Prosecutor takes judge to high court

ELYRIA — Lorain County Prosecutor Dennis Will has asked the Ohio Supreme Court to stop county Common Pleas Judge James Burge from moving forward with a capital murder trial with a hand-picked three-judge panel.

In court documents filed last week with the Ohio Supreme Court, Assistant County Prosecutor Billie Jo Belcher wrote that Burge improperly appointed fellow judges Raymond Ewers and Edward Zaleski to serve on the panel that will hear the case of accused killer Ronald McCloud next year.

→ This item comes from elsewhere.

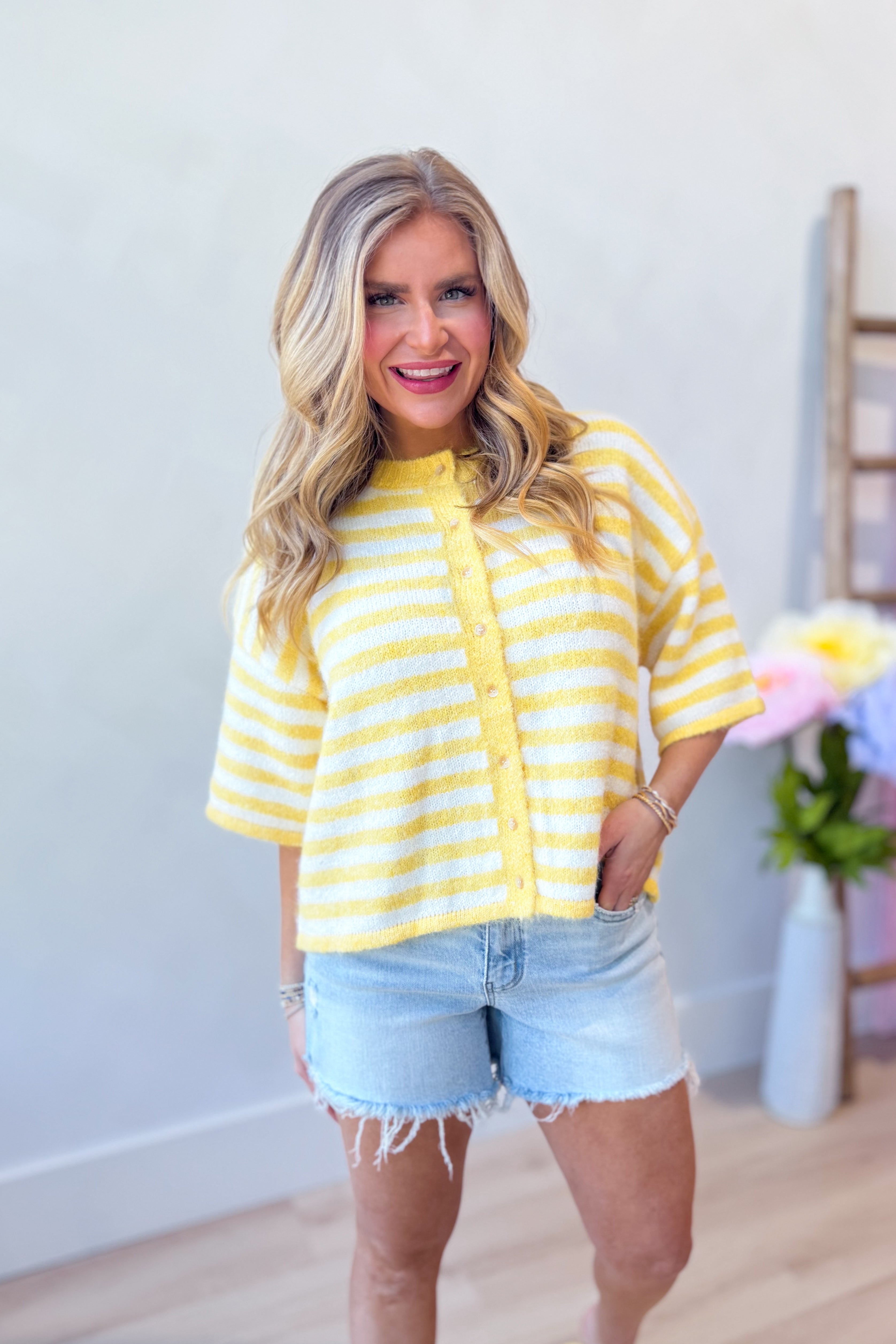 Lauren yellow striped button-down cardigan top from BAEVELY, 131 spring sweater, with yellow and white stripes and front buttons.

The responsibility of picking the judges, Belcher wrote, should have fallen to Presiding Judge Mark Betleski, who selected the last three-judge panel to hear the case of now-convicted killer Manuel Nieves.

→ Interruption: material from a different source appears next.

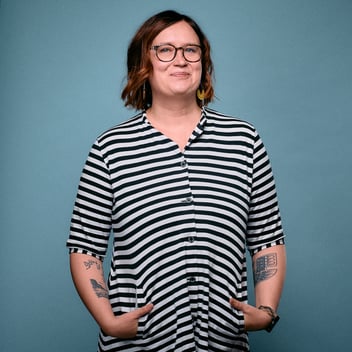 Hanna Hietamäki profile picture, black and white striped shirt with blue background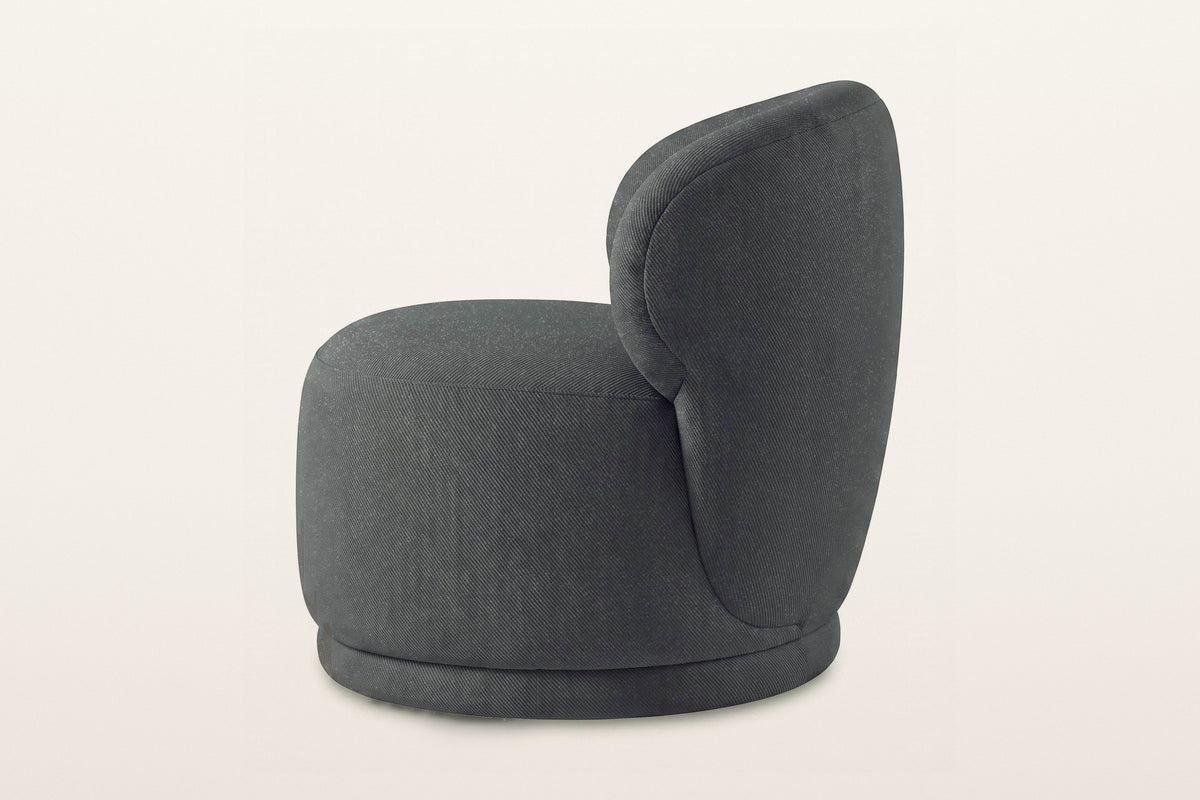 Monterubbiano accent chair in Charcoal twill, side view on a warm white studio backdrop: the back wraps round and runs down t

Betleski used a lottery to select Burge and Ewers to serve with Judge James Miraldi on the panel that ultimately found Nieves guilty but spared him a death sentence, a process he said he cleared with the Ohio Supreme Court.

But earlier this year, the bulk of the county’s judges agreed to allow each judge to choose the judges for panels in whatever method he wanted.

Betleski, however, disagreed with the decision.

Betleski refused to sign an order naming Zaleski and Ewers the judges in the case.

It could, he said, create a problem that could lead an appeals court to overturn a conviction if McCloud were to be found guilty and sentenced to death.

“My interpretation is why take the chance, and that’s what I told the other judges,” he said.

Belcher shared the concern that the selection process for a three-judge panel could jeopardize a conviction surviving an appeals challenge if the panel is allowed to stand, even though McCloud and his attorneys said they had no problem with how the panel was picked.

As administrative judge, Zaleski said he has the authority to sign the order naming himself and Ewers to the panel and did so.

“The administrative judge gets to pick them,” he said. “Where’s it say anything about a random draw in the statute?”

Zaleski said he and the other judges have hired Lorain attorney Anthony Giardini to represent Burge in the case because it affects all of them and how they pick panels in future cases. But he also questioned the wisdom of having a potentially expensive legal battle over the issue.

Burge declined to comment on the Supreme Court case against him, but in the past has said he believes he acted legally. After prosecutors complained about how he picked the panel, Burge reconsidered his decision and decided he was right, leaving the panel in place.

McCloud is accused of raping and killing 57-year-old Janet Barnard in the restroom of a Lorain church in 2005.